Набиравшая силу и величие Москва, подобно тщеславному юноше, искала себе образец для подражания, но не нашла его среди соседей. С востока и юга её окружали дикие орды, к которым установилось пренебрежительное, отягчаемое ненавистью отношение. С севера теснили немцы и шведы, немало претерпевшие от русского оружия и заслужившие о себе презрительную память. С запада грозили Литва и Польша, с которыми велись нескончаемые религиозные и порубежные споры, ожесточившие обе стороны. О дальних народах знали мало, отношение к ним было не слишком доверчивым, поэтому уязвить и унизить иноверца не считалось зазорным. В конце концов образец нашёлся в освящённом временем укладе жизни, завещанных дедами наказах, старинных русских книгах. Скованная позорным игом Русь потянулась к своему прошлому, казавшемуся золотым веком русского народа.

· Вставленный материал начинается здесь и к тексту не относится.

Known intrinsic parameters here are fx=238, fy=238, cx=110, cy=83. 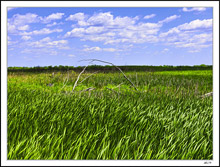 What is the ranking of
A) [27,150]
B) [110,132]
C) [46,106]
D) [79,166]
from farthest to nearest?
1. [46,106]
2. [110,132]
3. [27,150]
4. [79,166]

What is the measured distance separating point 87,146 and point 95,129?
36 centimetres

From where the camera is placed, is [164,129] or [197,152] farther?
[164,129]

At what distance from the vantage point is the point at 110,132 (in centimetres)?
182

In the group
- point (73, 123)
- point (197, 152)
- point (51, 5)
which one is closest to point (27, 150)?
point (73, 123)

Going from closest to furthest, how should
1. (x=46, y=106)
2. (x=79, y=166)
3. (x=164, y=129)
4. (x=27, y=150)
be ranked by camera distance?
1. (x=79, y=166)
2. (x=27, y=150)
3. (x=164, y=129)
4. (x=46, y=106)

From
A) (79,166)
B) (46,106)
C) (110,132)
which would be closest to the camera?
(79,166)

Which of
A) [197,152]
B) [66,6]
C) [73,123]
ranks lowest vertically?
[197,152]

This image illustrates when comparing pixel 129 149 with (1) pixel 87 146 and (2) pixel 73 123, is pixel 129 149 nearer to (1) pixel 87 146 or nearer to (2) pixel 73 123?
(1) pixel 87 146

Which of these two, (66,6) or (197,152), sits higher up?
(66,6)

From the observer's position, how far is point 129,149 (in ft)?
4.99

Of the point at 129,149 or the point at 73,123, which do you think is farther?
the point at 73,123

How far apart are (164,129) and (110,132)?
1.66ft

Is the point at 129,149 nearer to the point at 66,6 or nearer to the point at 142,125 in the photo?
the point at 142,125

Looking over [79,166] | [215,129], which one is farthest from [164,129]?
[79,166] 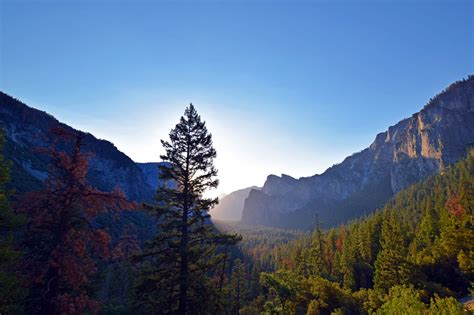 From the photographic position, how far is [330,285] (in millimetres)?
29234

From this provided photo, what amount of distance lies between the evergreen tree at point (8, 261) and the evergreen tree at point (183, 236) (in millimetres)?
4390

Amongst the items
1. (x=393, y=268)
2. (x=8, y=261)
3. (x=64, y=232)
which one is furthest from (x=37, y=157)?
(x=393, y=268)

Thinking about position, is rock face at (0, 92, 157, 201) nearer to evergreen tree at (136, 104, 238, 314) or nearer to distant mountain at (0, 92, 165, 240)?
distant mountain at (0, 92, 165, 240)

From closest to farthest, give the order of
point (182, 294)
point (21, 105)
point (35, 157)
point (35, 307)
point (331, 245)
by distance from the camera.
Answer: point (35, 307), point (182, 294), point (331, 245), point (35, 157), point (21, 105)

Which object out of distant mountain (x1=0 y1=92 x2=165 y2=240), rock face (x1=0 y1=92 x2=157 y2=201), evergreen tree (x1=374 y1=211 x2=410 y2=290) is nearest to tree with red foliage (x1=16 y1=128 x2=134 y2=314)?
distant mountain (x1=0 y1=92 x2=165 y2=240)

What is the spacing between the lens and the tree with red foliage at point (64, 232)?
28.0 feet

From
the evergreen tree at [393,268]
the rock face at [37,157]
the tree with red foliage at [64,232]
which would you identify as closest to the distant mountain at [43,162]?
the rock face at [37,157]

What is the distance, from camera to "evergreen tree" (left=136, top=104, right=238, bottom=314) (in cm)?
1220

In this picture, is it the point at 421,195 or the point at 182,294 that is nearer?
the point at 182,294

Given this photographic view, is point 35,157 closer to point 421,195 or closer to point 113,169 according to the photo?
point 113,169

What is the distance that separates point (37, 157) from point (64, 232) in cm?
10911

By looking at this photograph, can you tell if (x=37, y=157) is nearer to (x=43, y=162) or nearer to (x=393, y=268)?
(x=43, y=162)

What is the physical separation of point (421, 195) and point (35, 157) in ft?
553

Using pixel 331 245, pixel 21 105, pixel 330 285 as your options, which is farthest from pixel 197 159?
pixel 21 105
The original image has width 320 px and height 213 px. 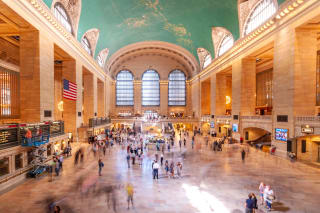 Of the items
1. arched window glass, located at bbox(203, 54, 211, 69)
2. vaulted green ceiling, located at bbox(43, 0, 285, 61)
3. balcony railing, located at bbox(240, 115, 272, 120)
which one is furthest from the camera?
arched window glass, located at bbox(203, 54, 211, 69)

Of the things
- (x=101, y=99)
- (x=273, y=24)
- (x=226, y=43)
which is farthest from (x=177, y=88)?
(x=273, y=24)

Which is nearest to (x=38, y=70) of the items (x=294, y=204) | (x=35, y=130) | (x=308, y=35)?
(x=35, y=130)

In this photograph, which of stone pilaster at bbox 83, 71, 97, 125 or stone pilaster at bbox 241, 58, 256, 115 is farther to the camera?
stone pilaster at bbox 83, 71, 97, 125

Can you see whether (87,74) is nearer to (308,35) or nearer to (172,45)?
(172,45)

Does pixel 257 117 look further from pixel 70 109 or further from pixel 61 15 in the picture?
pixel 61 15

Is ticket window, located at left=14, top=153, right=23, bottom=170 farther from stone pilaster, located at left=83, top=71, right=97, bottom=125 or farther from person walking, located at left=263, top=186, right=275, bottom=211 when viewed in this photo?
stone pilaster, located at left=83, top=71, right=97, bottom=125

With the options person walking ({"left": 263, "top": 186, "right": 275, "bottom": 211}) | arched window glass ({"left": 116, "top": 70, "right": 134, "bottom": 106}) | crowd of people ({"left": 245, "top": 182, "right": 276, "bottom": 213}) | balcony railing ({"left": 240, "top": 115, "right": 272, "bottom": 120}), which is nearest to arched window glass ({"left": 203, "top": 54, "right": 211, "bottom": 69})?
balcony railing ({"left": 240, "top": 115, "right": 272, "bottom": 120})

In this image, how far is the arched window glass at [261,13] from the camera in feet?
54.0

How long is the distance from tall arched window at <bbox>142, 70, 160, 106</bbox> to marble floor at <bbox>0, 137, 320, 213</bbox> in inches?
1236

Временами она пользовалась услугами чужеземцев, приглашая их для каменного строительства, пушечного литья, чеканки монет, иконного писания. Но ничего нового те на русскую землю не привезли и использовались главным образом для организации работ. И относились к ним соответственно: за провинность секли розгами, сажали в поруб, а то и вовсе лишали жизни. Простой народ не стеснялся корить их за жадность и высокоумие, заставляя быть более осмотрительными. Это уж потом из-за недальновидного попустительства властей обрели они на Руси могучую силу, изломали её устои, навязали свои, приучили к безумному подражательству. Это уж потом взяли они себе за правило бесцеремонно вести себя у нас и внушили русскому человеку странную, несвойственную ему стеснительность поведения в чужих землях. Но всё это потом...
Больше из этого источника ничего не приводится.